No windows in some of the cabins, yet even portholes give little relief from a caught and trapped sensation; imprisoned despite possessing the keys to the cell. Quiet acts such as reading with the door open are common because privacy isn’t required. A small cabin oppresses so much that the passing of other passengers is an acceptable nuisance, as flies buzzing overhead are a fair trade for open windows at the height of summer.

Perhaps these glimpses are less gallery images and more like the recovered frames of film from a camera damaged in a house fire. There’s the same arbitrariness to what is preserved by random chance. Usually an image of no real consequence, yet circumstances can focus perspective. The loneliness of travel reveals loneliness everywhere else. Isolation amid the crush of people aboard an ocean liner — isolation in every frame of every moment.

Dark subject matter

It is important to note that much of this novel’s subject matter is dark, and extremely so in places… certainly not a title I’d recommend to those feeling blue.

Atlantic Black is a novel to be read in, if not one, as few sittings as possible. Embarking on its reading is like being sucked into a vortex — there’s no going back, only through.

Patric’s depiction of portents from Katerina’s childhood and what transpires over the course of a single day in the microcosm that is the RMS Aquitania, visceral and deeply unsettling. It is a sensory overload, with the narrative shifting from the extremes of grotesque and violence to the poetic and philosophical at the will of forces unseen. The reader is left feeling as though they themselves are being buffeted by the waves of the jet black Atlantic, struggling to maintain their footing on slippery decks.

The layered symbolism and metaphor, evocative and powerful. And the denouement, somehow even more shocking and haunting than all that came before it.

Do you see how the dead designed me through words? I breathed in their thoughts and their thoughts became my own. I breathe them out and they become yours.
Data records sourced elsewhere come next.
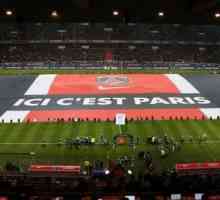 Stadion `Park de Prens` u Parizu, Francuska: adresa, radno vrijeme, izleti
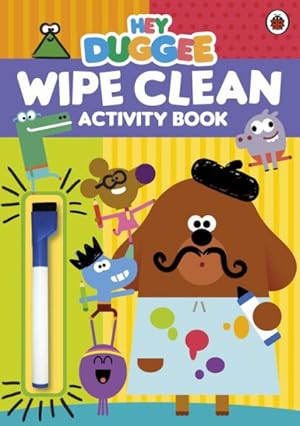 Imagen del vendedor de Hey Duggee: Scribble and Stick : Sticker Activity Book a la venta por GreatBookPricesUK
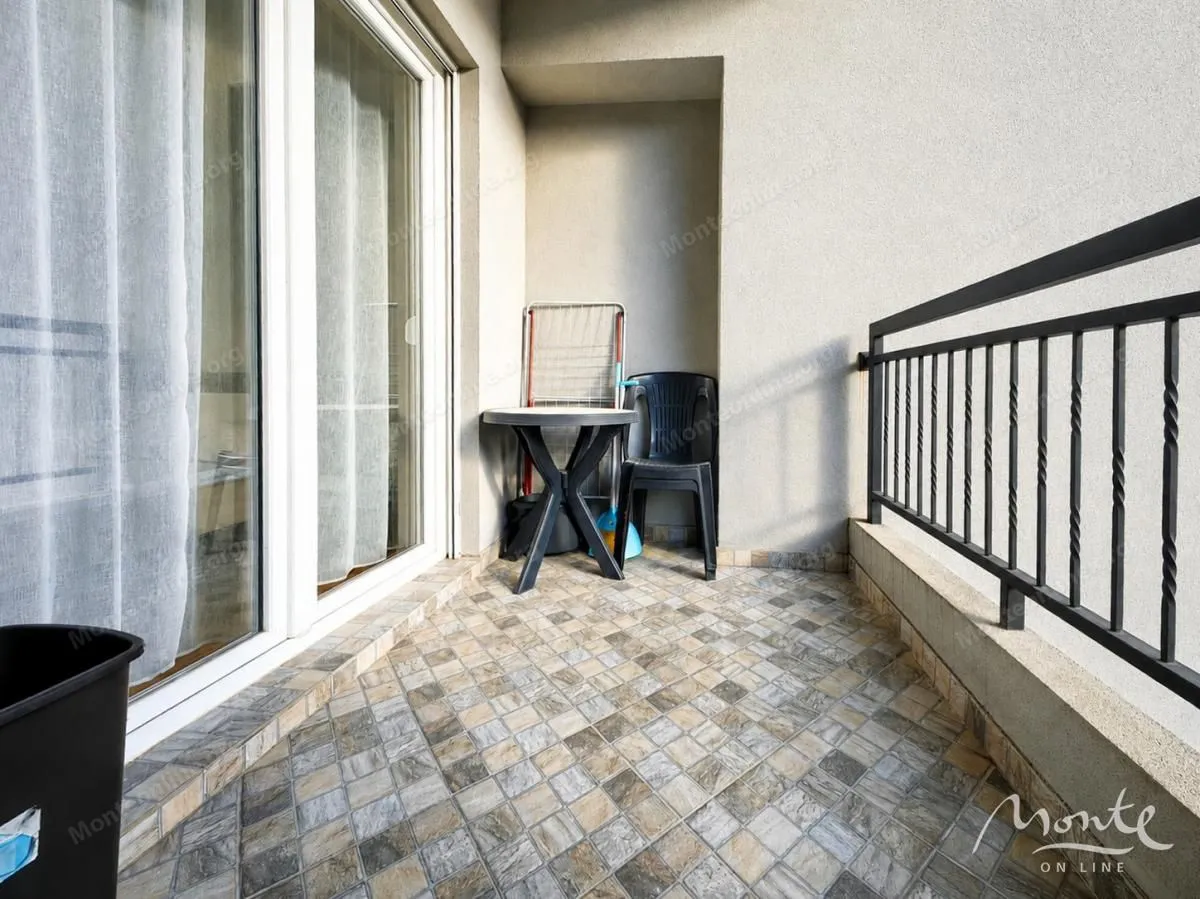 Prodaja, jednosoban stan, 53m², Ljubović, Podgorica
Our language is the history of the dead.

While for my personal tastes not quite as moving as Black Rock White City, the power and impact of Atlantic Black is undeniable and very impressive.

BOOK RATING: The Story 4 / 5 ; The Writing 5 / 5  — Overall 4.5

Genre: Literature, Mystery, Thriller, Drama, Historical

Get your copy of Atlantic Black from:

Amazon  | Booktopia(Aus)

About the Author, A S Patric

A. S. Patrić is a bookseller and teacher of creative writing. He is the author of two short story collections, Las Vegas for Vegans and The Rattler & other stories, and a novella called Bruno Kramzer. His debut novel Black Rock White City was published to critical acclaim in 2015 and won the Miles Franklin Award in 2016. His second novel Atlantic Black will be published in November 2017 and a new collection of stories The Butcherbird Stories will be out in 2018. Alec lives in bayside Melbourne with his wife and two daughters.
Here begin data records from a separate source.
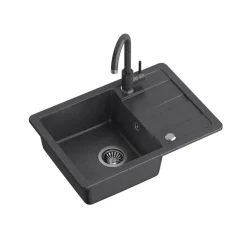 Zestaw Komplet gotowy do działania GO SMART CZARNY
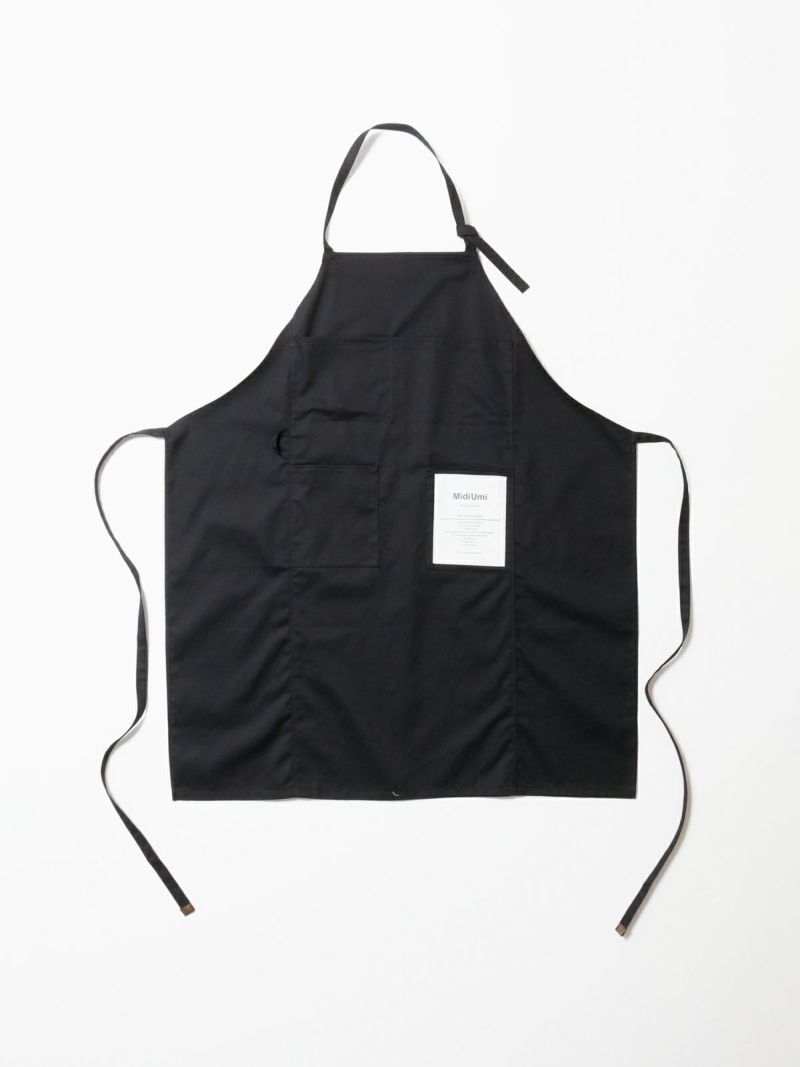 MidiUmi オーガニックエプロン｜ MARcourt ONLINE STORE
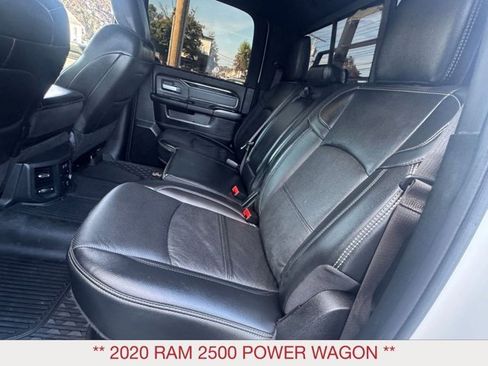 Certified 2020 RAM 2500 Power Wagon image 24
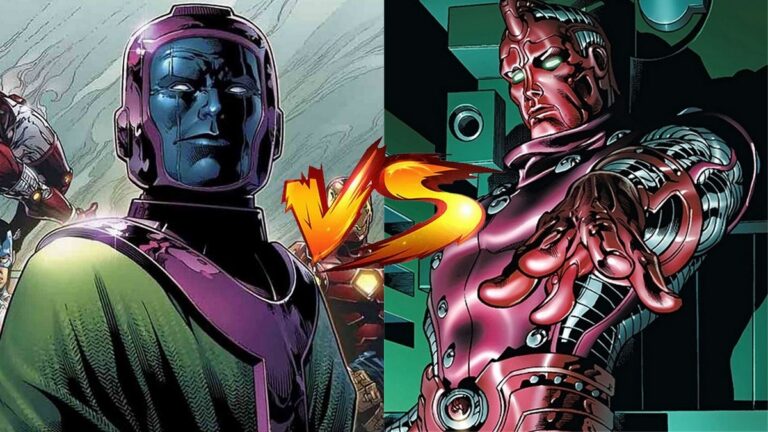 High Evolutionary vs. Kang the Conqueror: Who Would Win in a Fight?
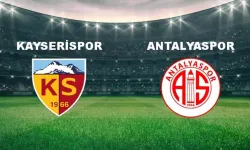 Kayserispor - Antalyaspor maçı ne zaman? Saat kaçta ve hangi kanalda canlı yayınlanacak?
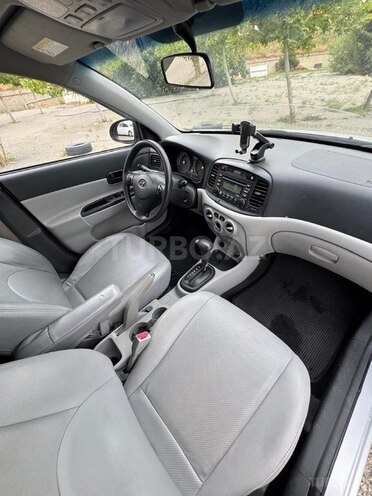 Hyundai Accent 2008, 243,000 km - 1.5 л - Bakı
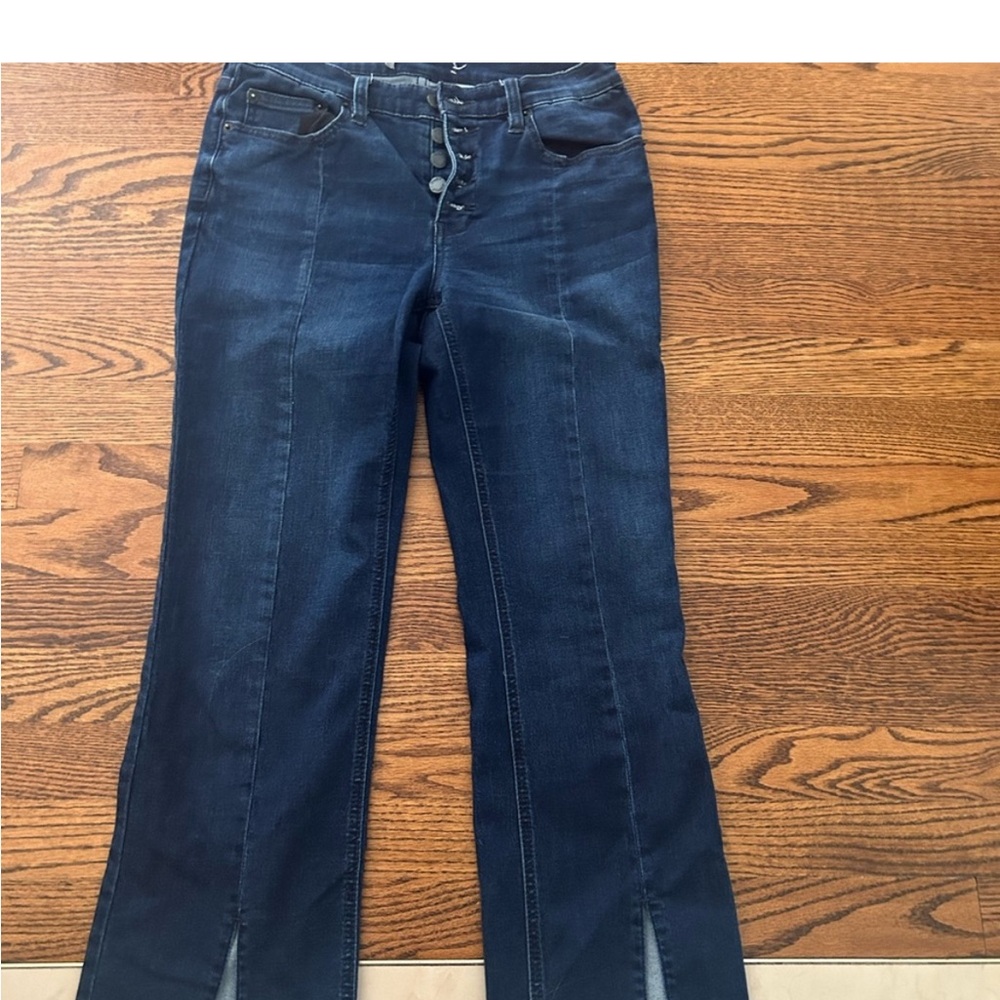 Free people stretch denim jeans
This review counts towards my participation in the Aussie Author Challenge 2017.

Other reviews of Atlantic Black

“… Stylistically, Atlantic Black is dense and visceral; its depiction of a toxic mother-daughter relationship is reminiscent of Deborah Levy’s Hot Milk. Patric is able to shift rapidly and absorbingly between the surreal, the sexual and the grotesque…” — Veronica Sullivan for Books+Publishing

“She makes the curious decision to read them one by one across the course of the day, drip feeding her, and the reader, news from the outside world. It’s a rather artificial plot device, though perhaps necessary to drive the novel towards its moving and unexpected finale. ” — Dominic Amerena for The Australian

Atlantic Black is a book which repays patience.  Don’t start reading it expecting to understand everything that’s going on, it will take its own time for all the pieces to fall into place.” — Lisa Hill at ANZLitLovers

* My receiving a copy from the publisher for review purposes did not impact the expression of my honest opinions in the review above.